*WORK TO BE COMPLETED*.
In the records below, find the line that contains "Люстра підвісна Sirius". Retype that line and all the lines after it through the end, leaving out the pictures.

--- START ---

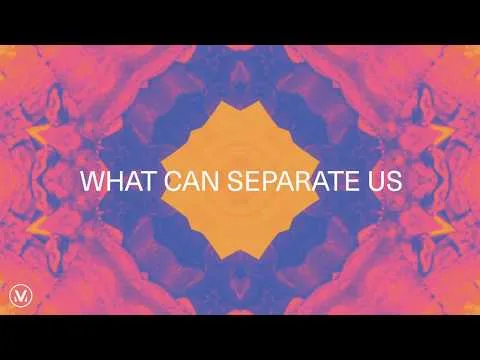 What Can Separate official video thumbnail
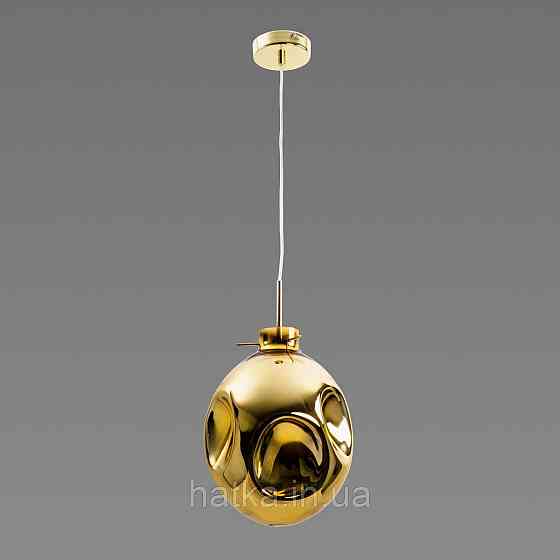 Люстра підвісна Sirius Д HD77622-1 на 1 плафон Київ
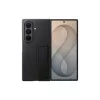 EF-XF976SBE Samsung Carbon állványtok Galaxy Z Fold 8 Ultra készülékhez, fekete (sérült csomagolás)
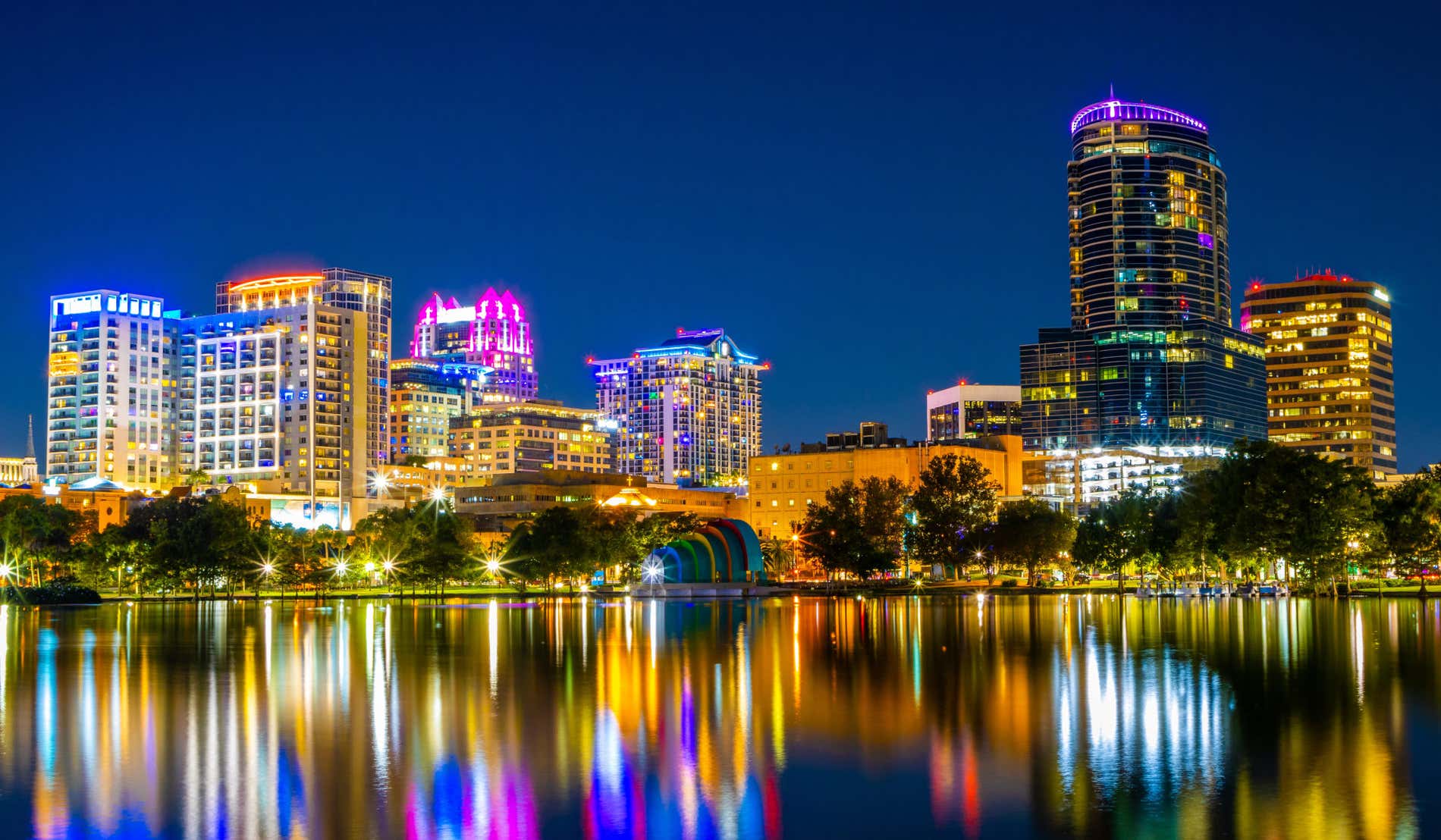 15 lojas que você não pode deixar de conhecer em Orlando!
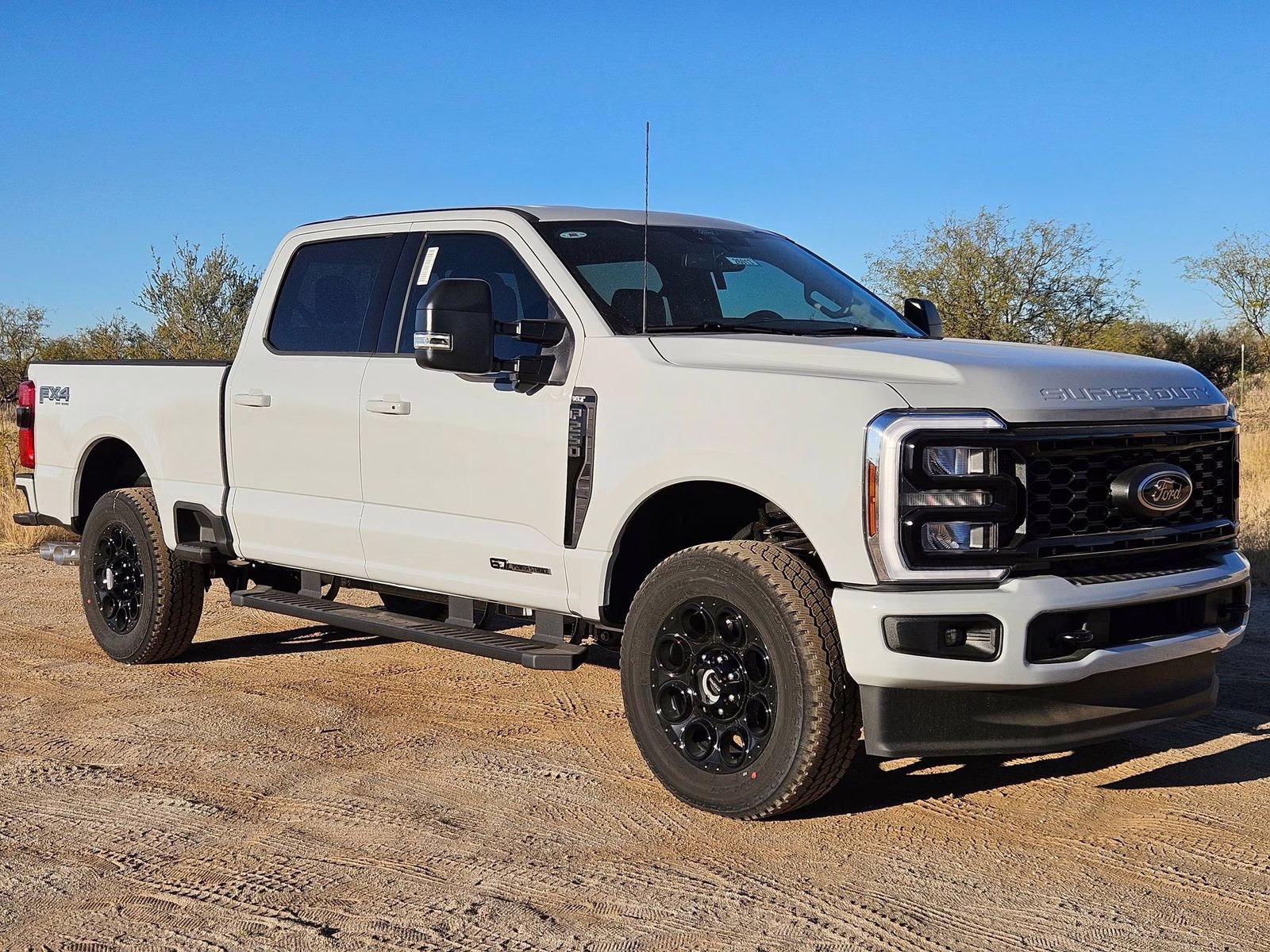 2026 Avalanche Ford Super Duty F-250 SRW XLT 4X4 Truck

--- END ---

*TASK RESPONSE*.
 Люстра підвісна Sirius Д HD77622-1 на 1 плафон Київ
 EF-XF976SBE Samsung Carbon állványtok Galaxy Z Fold 8 Ultra készülékhez, fekete (sérült csomagolás)
 15 lojas que você não pode deixar de conhecer em Orlando!
 2026 Avalanche Ford Super Duty F-250 SRW XLT 4X4 Truck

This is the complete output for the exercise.